_EXERCISE BRIEF_
Begin the copy at the line containing "Автомагнитола 1 DIN" and end it at the final line of the material below, reproducing each line exactly, without images.

_MATERIAL PROVIDED_

[Start of Attachment]

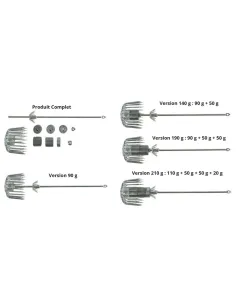 Ragot Totanara Squid Jig Needle (Adjustable Weight) 223.8 Gr Fishing Artificial Squid and Pulp Ragot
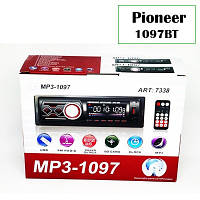 Автомагнитола 1 DIN Pioneer 1097BT съемная панель Bluetooth MP3 FM USB microSD AUX Штатная Top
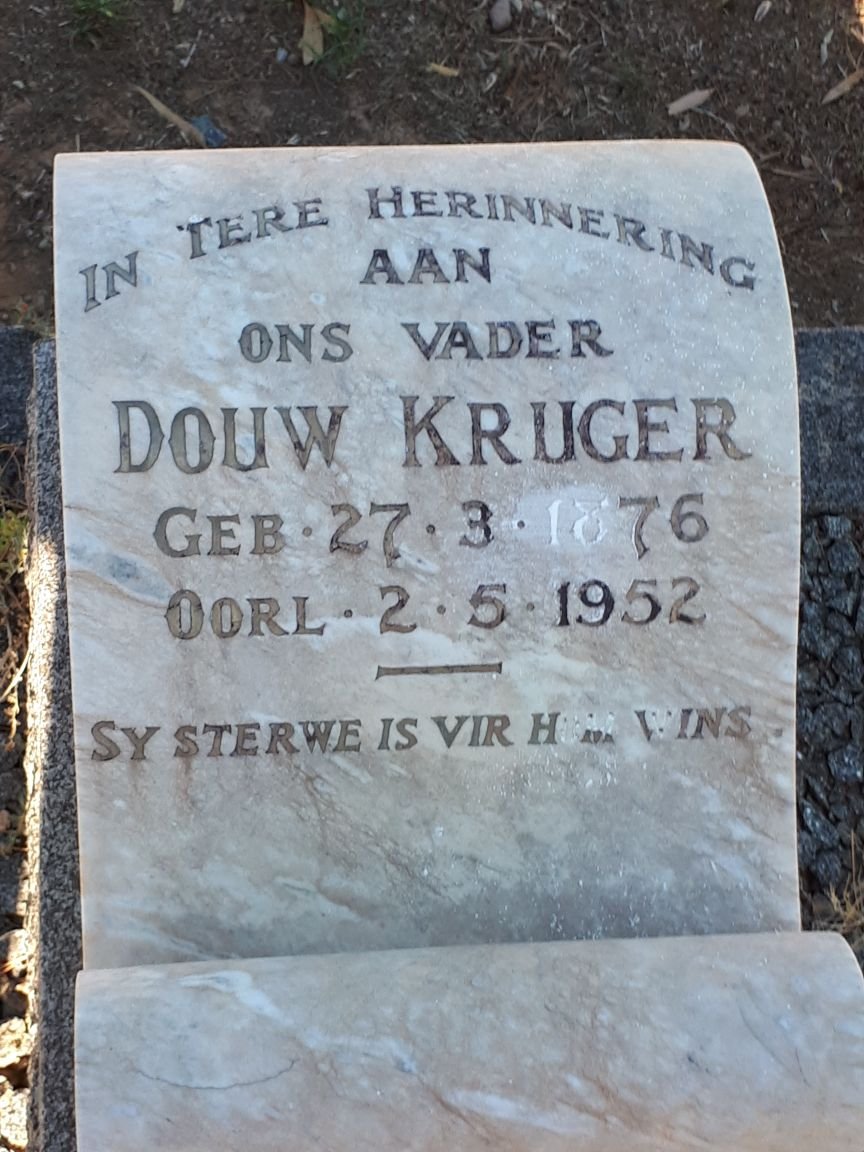 KRUGER Douw 1876-1952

[End of Attachment]

_ANSWER SECTION_
 Автомагнитола 1 DIN Pioneer 1097BT съемная панель Bluetooth MP3 FM USB microSD AUX Штатная Top
 KRUGER Douw 1876-1952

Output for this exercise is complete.